● **Data provided**

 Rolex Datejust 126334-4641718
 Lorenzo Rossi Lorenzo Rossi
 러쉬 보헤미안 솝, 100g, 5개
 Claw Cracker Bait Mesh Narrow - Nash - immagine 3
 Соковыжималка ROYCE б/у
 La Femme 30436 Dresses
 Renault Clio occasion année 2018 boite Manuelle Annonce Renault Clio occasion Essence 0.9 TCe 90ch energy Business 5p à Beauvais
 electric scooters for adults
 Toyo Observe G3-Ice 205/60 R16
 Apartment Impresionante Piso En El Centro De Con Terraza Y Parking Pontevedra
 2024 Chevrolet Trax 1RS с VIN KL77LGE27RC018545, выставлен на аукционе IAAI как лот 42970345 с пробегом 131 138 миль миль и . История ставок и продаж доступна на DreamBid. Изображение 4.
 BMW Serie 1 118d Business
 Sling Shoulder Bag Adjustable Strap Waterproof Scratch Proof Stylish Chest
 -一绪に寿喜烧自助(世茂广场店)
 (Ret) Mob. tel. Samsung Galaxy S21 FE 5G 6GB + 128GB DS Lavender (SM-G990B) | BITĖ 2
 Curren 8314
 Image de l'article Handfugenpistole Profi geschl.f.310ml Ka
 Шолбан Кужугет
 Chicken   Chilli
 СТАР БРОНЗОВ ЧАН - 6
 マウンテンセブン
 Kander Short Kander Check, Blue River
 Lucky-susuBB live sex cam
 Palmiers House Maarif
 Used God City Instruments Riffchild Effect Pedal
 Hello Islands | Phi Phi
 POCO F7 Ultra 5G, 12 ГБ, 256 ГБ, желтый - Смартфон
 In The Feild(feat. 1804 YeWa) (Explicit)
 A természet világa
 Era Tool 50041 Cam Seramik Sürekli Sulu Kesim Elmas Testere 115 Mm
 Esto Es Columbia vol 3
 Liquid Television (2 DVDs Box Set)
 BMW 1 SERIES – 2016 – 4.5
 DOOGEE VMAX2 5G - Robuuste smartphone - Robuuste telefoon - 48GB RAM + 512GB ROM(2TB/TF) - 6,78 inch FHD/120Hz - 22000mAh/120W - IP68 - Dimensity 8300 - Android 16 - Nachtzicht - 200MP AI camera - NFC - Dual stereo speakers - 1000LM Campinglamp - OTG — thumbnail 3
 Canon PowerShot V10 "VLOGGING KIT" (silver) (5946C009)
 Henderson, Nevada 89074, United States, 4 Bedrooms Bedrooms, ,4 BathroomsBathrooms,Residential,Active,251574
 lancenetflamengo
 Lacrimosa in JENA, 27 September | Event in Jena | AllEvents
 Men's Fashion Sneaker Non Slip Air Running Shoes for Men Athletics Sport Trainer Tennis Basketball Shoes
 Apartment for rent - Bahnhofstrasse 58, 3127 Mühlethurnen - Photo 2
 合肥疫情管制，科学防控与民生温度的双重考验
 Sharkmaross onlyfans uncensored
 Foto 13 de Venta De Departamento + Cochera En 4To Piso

● **Problem description**
Lines holding the word "Apartment" should be counted across the entries; state only how many there are.

● **Reply**
2